Stored records:
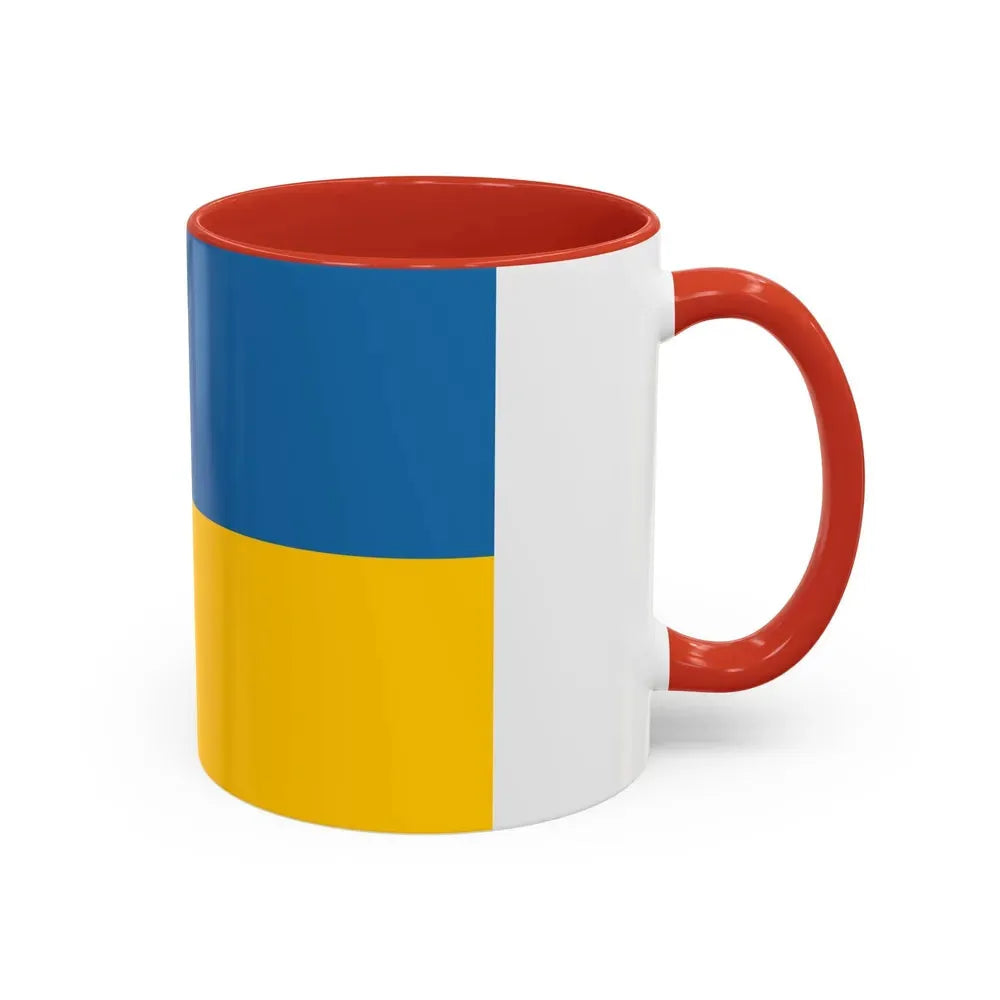 Flag of Zakarpattia Oblast Ukraine - Accent Coffee Mug - Go Mug Yourself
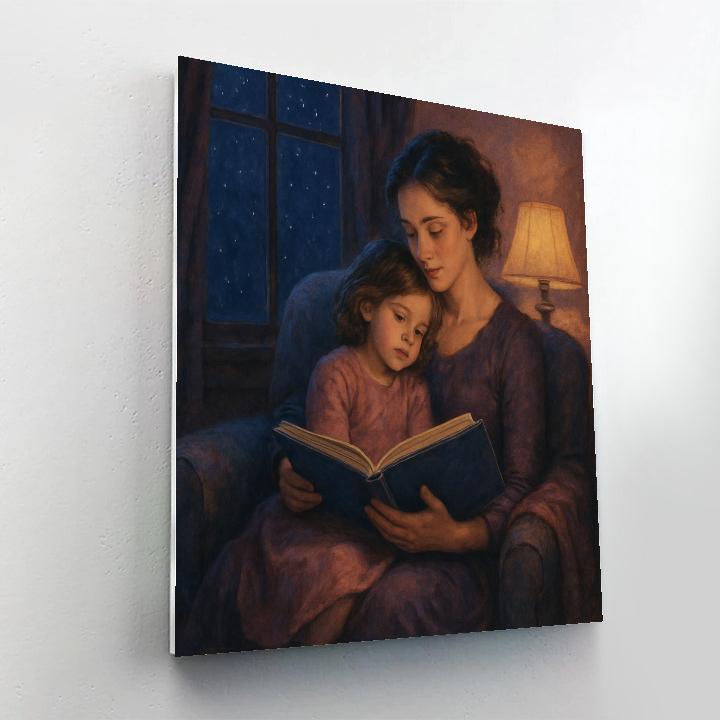 Quiet Evening Storytime DIY paint by numbers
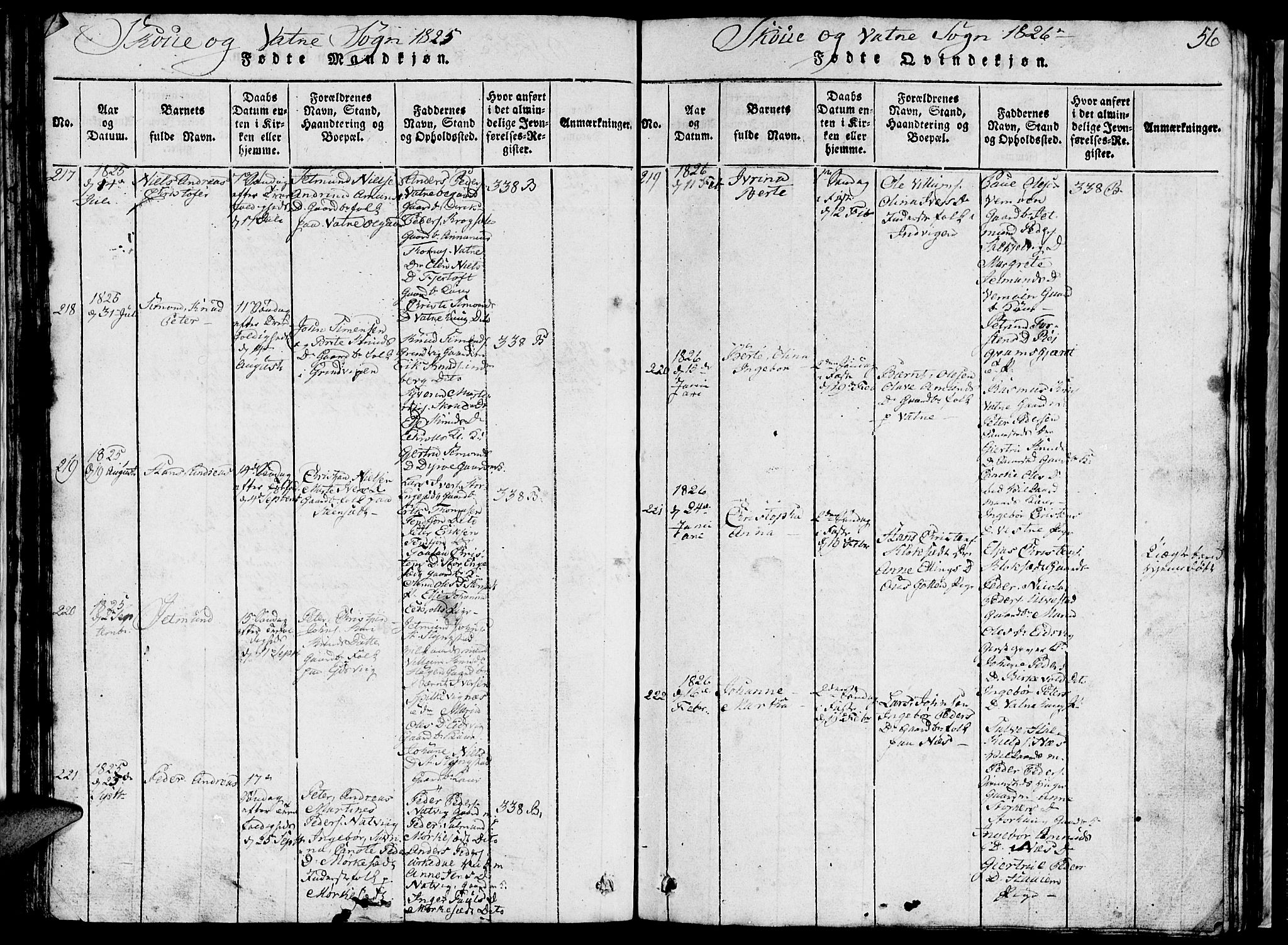 Ministerialprotokoller, klokkerbøker og fødselsregistre - Møre og Romsdal, AV/SAT-A-1454/524/L0360: Parish register (copy) no. 524C01, 1816-1830, p. 56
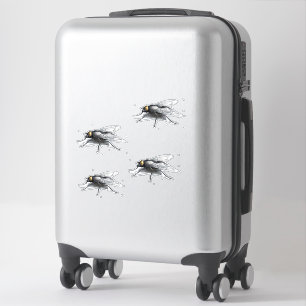 Fly Buddy 4 kleine Konturaufkleber Aufkleber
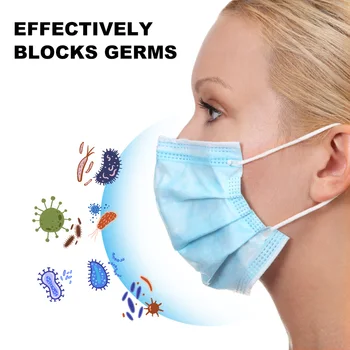 

10/50/100/200pcs Disposable Masks Face Mouth Masks Unisex Protective Mask Breathable Dust Smog Fog Proof Healthy Prevent Masks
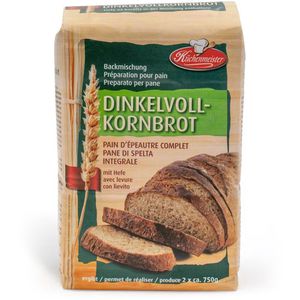 Brotbackmischung Küchenmeister Dinkelvollkornbrot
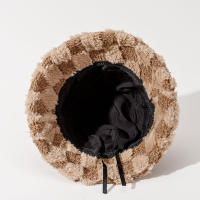 Gorro De Loro De Peluche Con Estampado De Leopardo Para Mujer Gorro De Pescador Redondo Suave Cálido Grueso De Otoño Invierno Para Esquiar - details 9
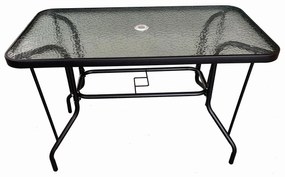 Τραπέζι Μεταλλικό Serefina Μαύρο 100x60x70cm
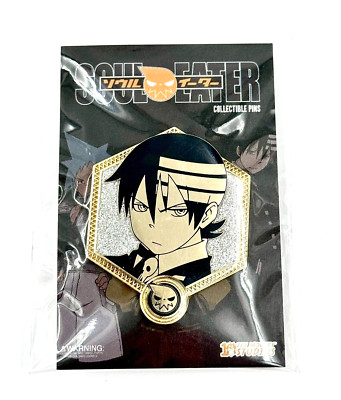 Soul Eater Death the Kid Pin Anime Manga Enamel Gold Glitter Figure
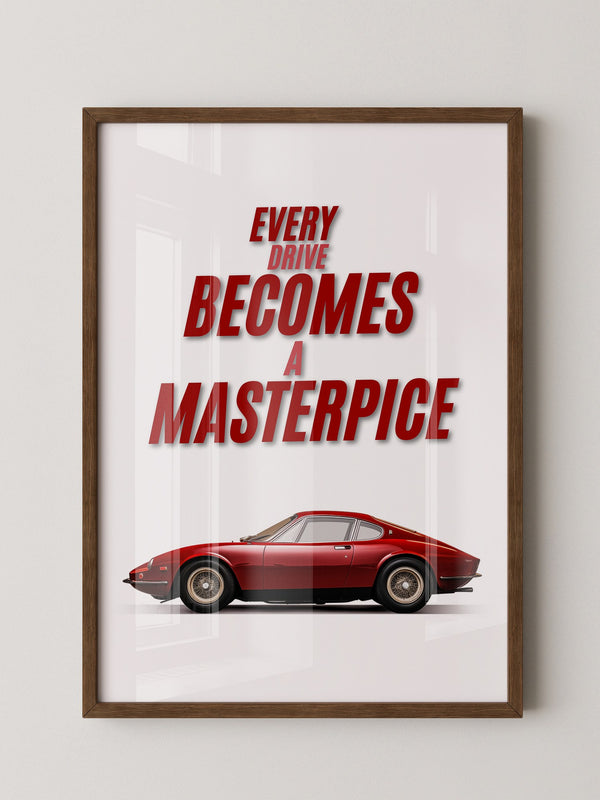 Roter Oldtimer Seitenansicht Retro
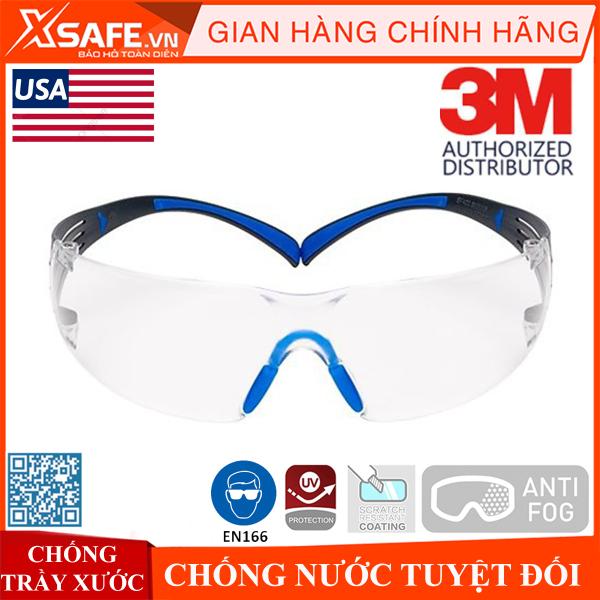 Giá bán Kính bảo hộ 3M SF401SGAF kính chống bụi, chống hơi nước trầy xước vượt trội, ngăn chặn tia UV, mắt kính đi xe máy, lao động, phòng dịch, chính hãng [XSAFE] [XTOOLS]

> _What is needed_
In the entries above, find the line that contains "Roter Oldtimer Seitenansicht Retro", then repeat exactly every line from the first one through that line, with no pictures.

> _Response_
 Flag of Zakarpattia Oblast Ukraine - Accent Coffee Mug - Go Mug Yourself
 Quiet Evening Storytime DIY paint by numbers
 Ministerialprotokoller, klokkerbøker og fødselsregistre - Møre og Romsdal, AV/SAT-A-1454/524/L0360: Parish register (copy) no. 524C01, 1816-1830, p. 56
 Fly Buddy 4 kleine Konturaufkleber Aufkleber

10/50/100/200pcs Disposable Masks Face Mouth Masks Unisex Protective Mask Breathable Dust Smog Fog Proof Healthy Prevent Masks
 Brotbackmischung Küchenmeister Dinkelvollkornbrot
 Gorro De Loro De Peluche Con Estampado De Leopardo Para Mujer Gorro De Pescador Redondo Suave Cálido Grueso De Otoño Invierno Para Esquiar - details 9
 Τραπέζι Μεταλλικό Serefina Μαύρο 100x60x70cm
 Soul Eater Death the Kid Pin Anime Manga Enamel Gold Glitter Figure
 Roter Oldtimer Seitenansicht Retro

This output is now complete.